**Data block**
BEGIN
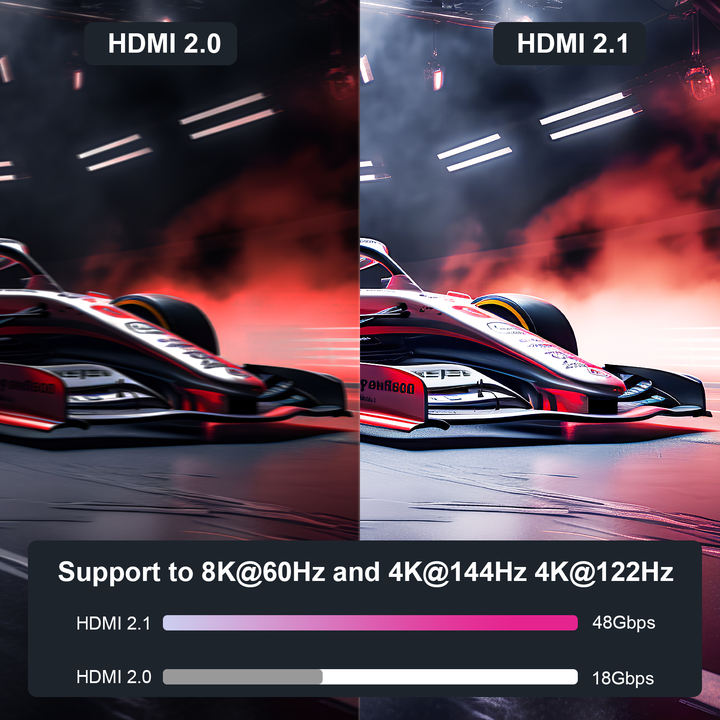 Customize 4K@120Hz HDMI to HDMI 2.1 Cable, 1.8 Meter, 48 Gbps, Aluminum Shell, Nylon Braided Large Volume Factory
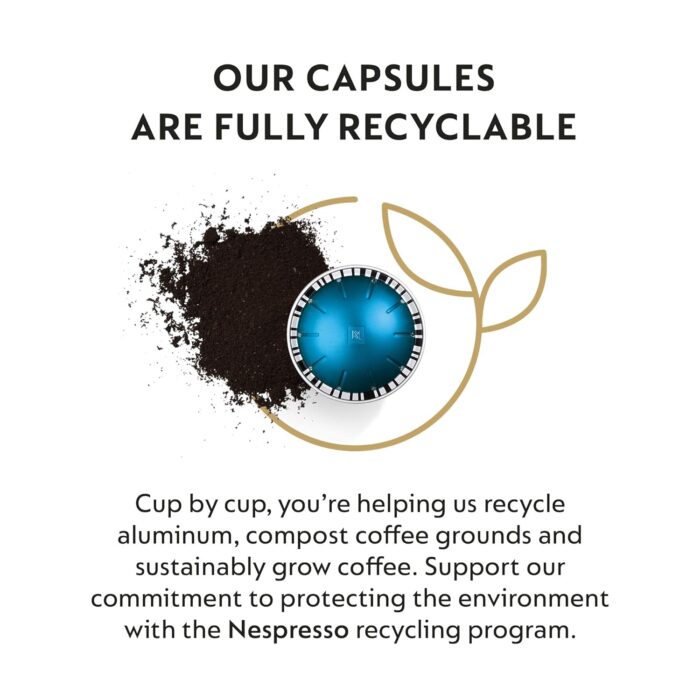 Nespresso Capsules VertuoLine, Medium and Dark Roast Coffee, Variety Pack, Stormio, Odacio, Melozio, 30 Count, Brews 7.77 Fl Oz (Pack of 3 ) - Image 4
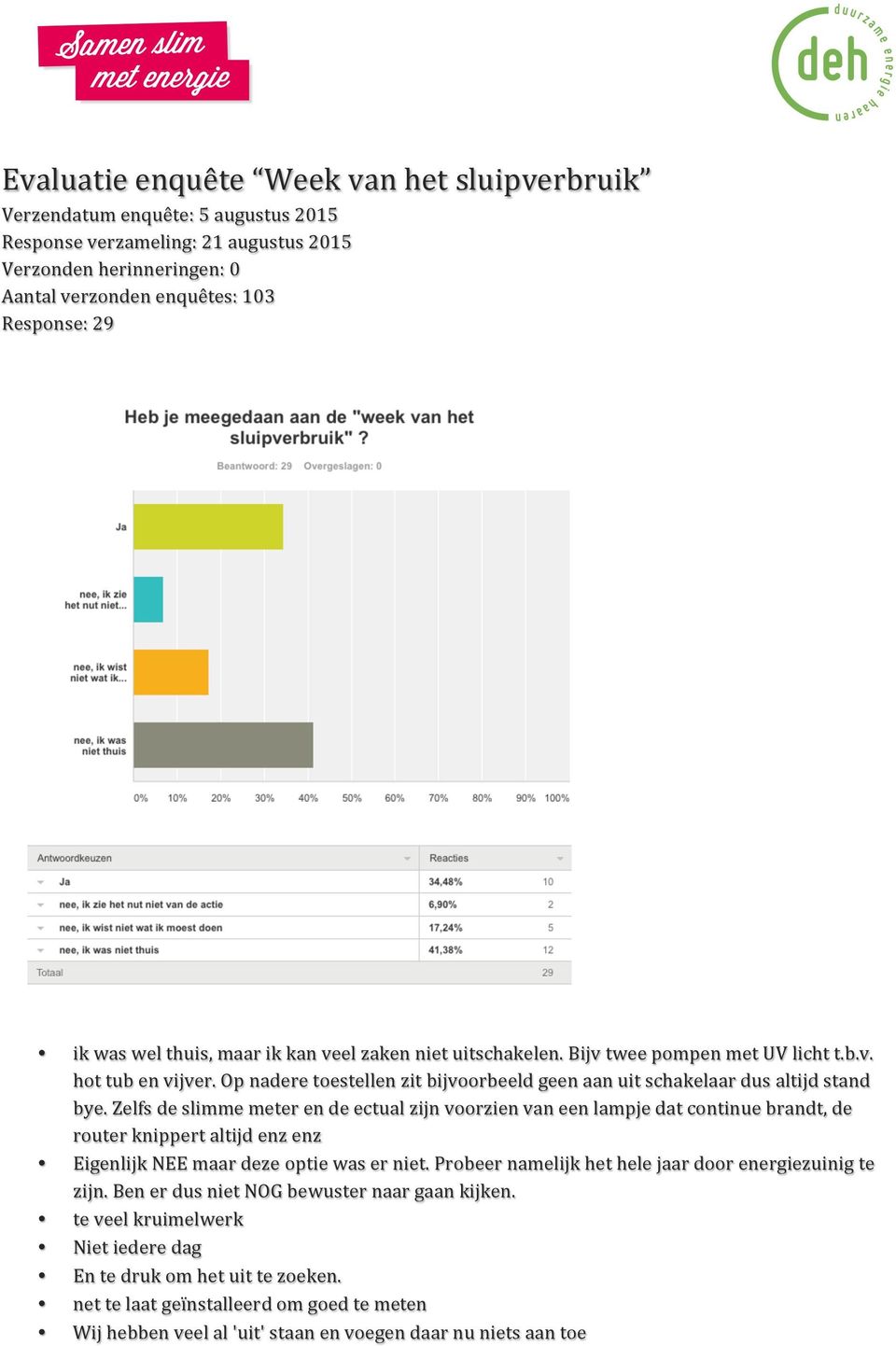 Zelfs de slimme meter en de ectual zijn voorzien van een lampje dat continue brandt, de router knippert altijd enz enz Eigenlijk NEE maar deze optie was er niet.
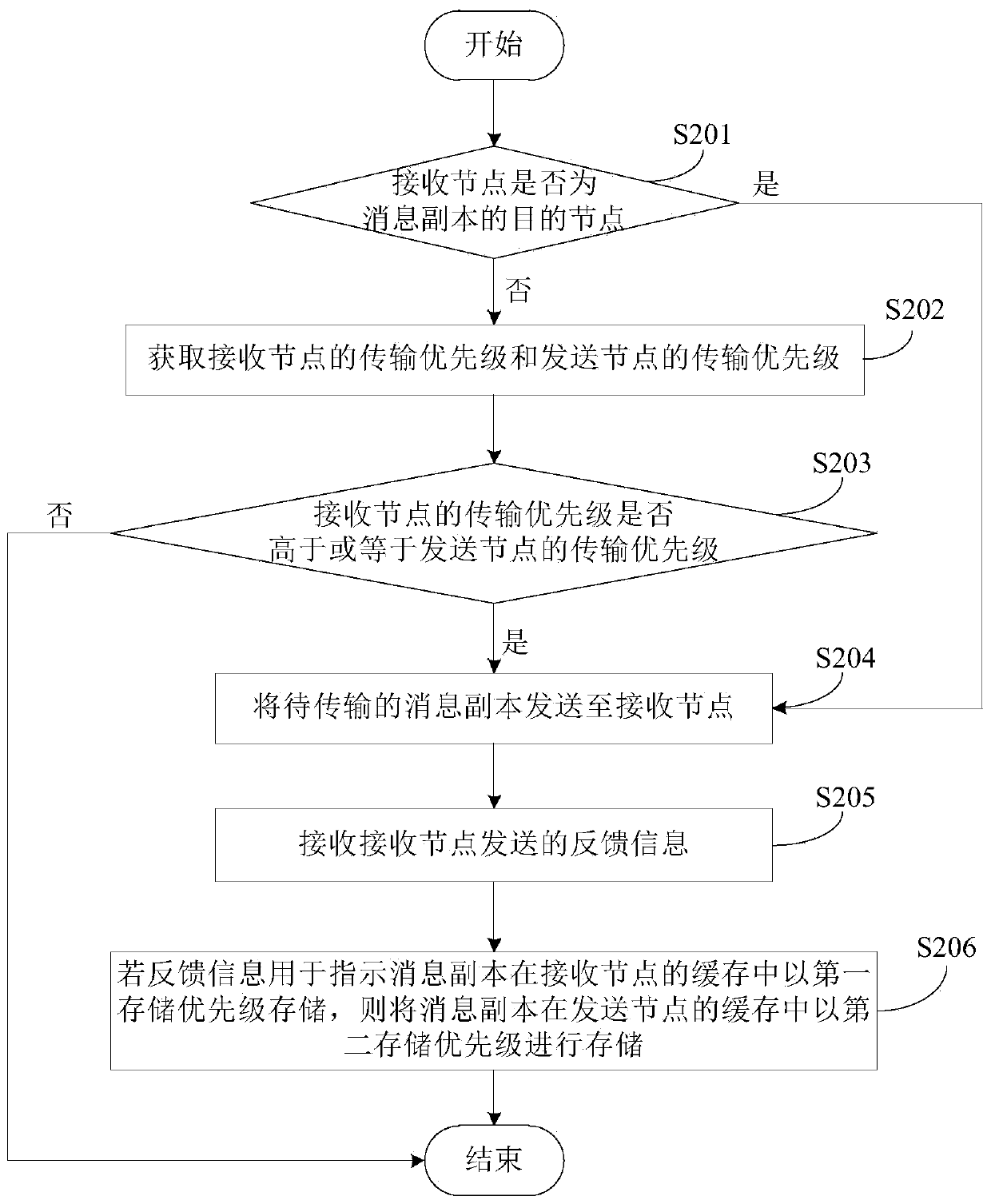 Message transmission method in DTN network, node and storage medium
END
**Assigned task**
The line containing "Nespresso Capsules VertuoLine, Medium" and every line after it, through the end of the data, are to be output exactly. Omit the pictures.

**Exercise answer**
 Nespresso Capsules VertuoLine, Medium and Dark Roast Coffee, Variety Pack, Stormio, Odacio, Melozio, 30 Count, Brews 7.77 Fl Oz (Pack of 3 ) - Image 4
 Zelfs de slimme meter en de ectual zijn voorzien van een lampje dat continue brandt, de router knippert altijd enz enz Eigenlijk NEE maar deze optie was er niet.
 Message transmission method in DTN network, node and storage medium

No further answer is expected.